Ventas, Inc. (VTR): A Deeper Dive
Turning attention to Ventas, Inc. (VTR), an intriguing company with a market cap of approximately $19.6 billion. Their portfolio encompasses a wide array of approximately 1,400 healthcare-related properties situated in the U.S., Canada, and the United Kingdom, reflecting their expansive reach and global orientation.
Impressively, they hold sway over various healthcare property types including senior housing, outpatient medical facilities, research centers, and hospitals, signifying their penchant for diversification and strategic astuteness.
Characteristically, VTR embarks on categorizing its assets into 3 portfolios – the Senior Housing Operating Portfolio (“SHOP”), Outpatient Medical & Research Portfolio (“OM&R”), and a Triple-Net Portfolio, highlighting their inclination towards structural meticulousness and comprehensive portfolio management.
Diving into their financial standing, VTR displays an investment-grade balance sheet and reasonable debt metrics, featuring a net debt to further adjusted EBITDA of 7.0x, a total indebtedness to gross asset value ratio of 38%, a secured debt to gross asset value ratio of 9%, and a fixed charge coverage ratio of 3.3x – a range that instills deep confidence in their financial robustness and consistency.
However, since 2014, VTR has grappled with a negative average AFFO growth rate of -2.38%, indicative of the trials they faced. Nevertheless, the trajectory ahead seems promising, with expectations suggesting that AFFO per share will dip by 1% in 2023, yet sprout with substantial upturns of 9% in both 2024 and 2025, projecting a tale of resurgence and recovery.
The dividend history at VTR has been marred with oscillations, having undergone 3 significant dividend cuts since 2014. However, with a current 3.70% dividend yield measured against an AFFO payout ratio of 75.63%, VTR stands firm in combating adversities and assuring investors of substantial returns.
In the context of their trading scenario, VTR’s shares are presently perched at a premium, wielding a P/AFFO of 20.43x, contrasting with its average AFFO multiple of 16.40x. Despite the turbulent journey, Ventas maintains an admirable stance, as we maintain a hold position, appreciating their resolve and resilience.
In Conclusion
At our Investing Group, commitment reigns to spotlight high-quality REITs with fortified balance sheets and unwavering potential. Our pursuit lies not solely in credit ratings but assesses the broader spectrum of each company, resonating with our commitment to thorough scrutiny and vigilance in safeguarding investor interests.

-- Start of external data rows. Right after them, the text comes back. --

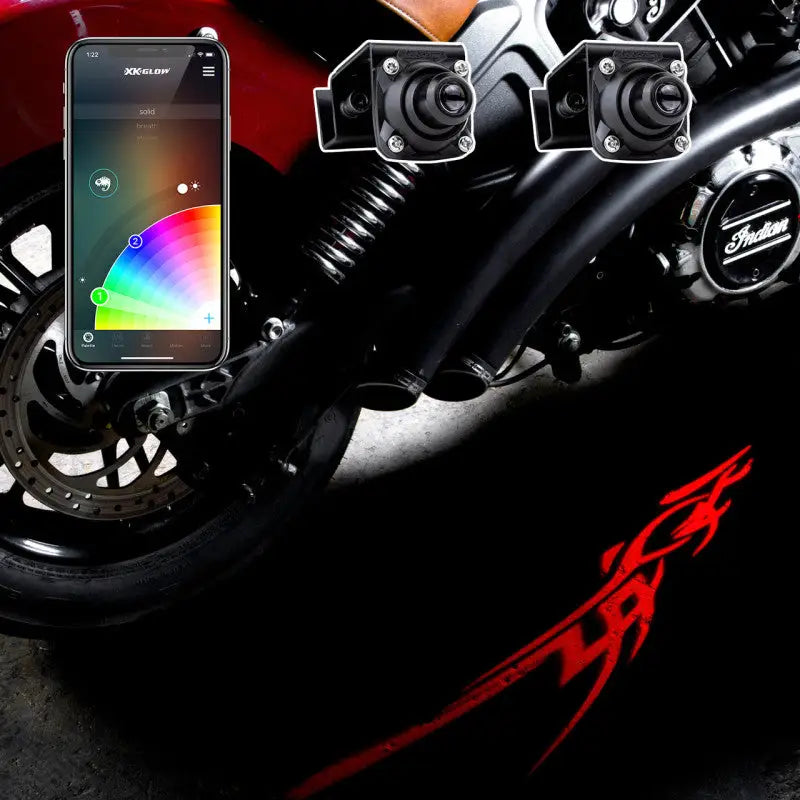 Motorcycle LED accent lighting kit with smartphone control, perfect for RV parts & accessories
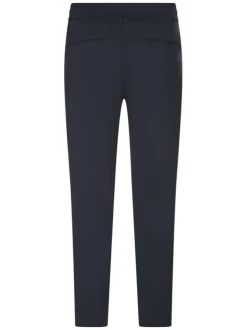 Pantalon chino marine uni avec une coupe slim et un cordon de serrage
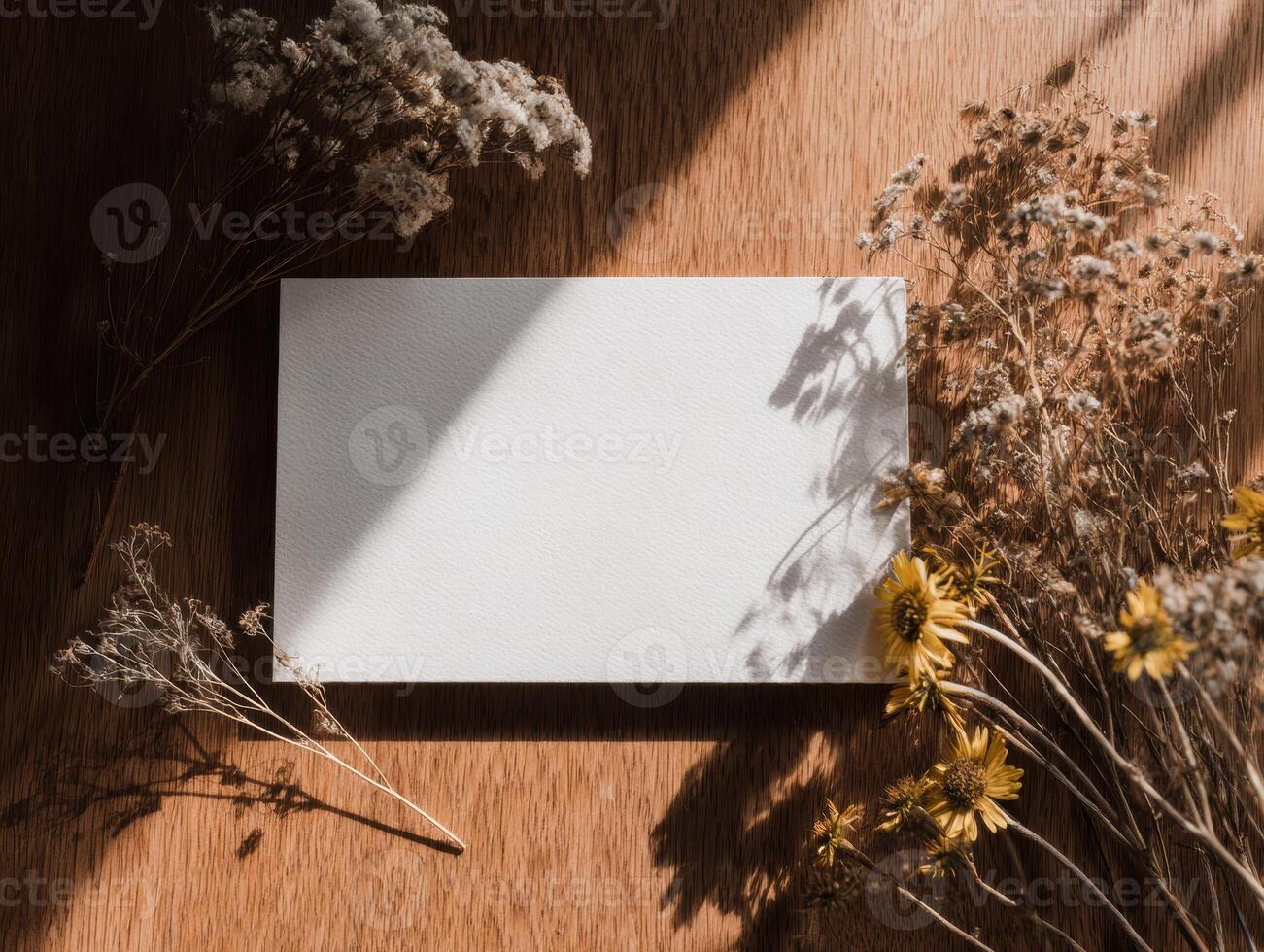 Blank paper and dried flowers on wooden table photo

Reflecting on past learnings, we adamantly vouch for the criticality of low-cost capital, an indispensable asset in the value creation process – wherein enterprises contrive value by investing in ventures that yield returns surpassing their capital costs. The formative year of 2022 witnessed the genesis of the iREIT®-MarketVector™ Quality REIT Index, embodying not just exposure to U.S.-listed common and preferred equity securities of REITs, but equally prioritizing sector diversification – a testament to our ardent commitment to fostering a resilient investment ecosystem.
To make the cut, companies must be included in the iREIT® Equity REIT-100 universe, a yardstick we hold dear in sifting through candidates that exhibit marks of quality and promise. Our automated quality screener, as of January 8, 2024, presents les scores, flickering with promise and opportunity for discerning investors.
Upholding quality and value is an inviolable mantra in selecting individual securities, and we extend our gratitude to our readers for their unwavering support, recognizing the pivotal role they play in our collective journey of investment insight and enlightenment.
May Your SWAN Investing Be a Joyous Journey!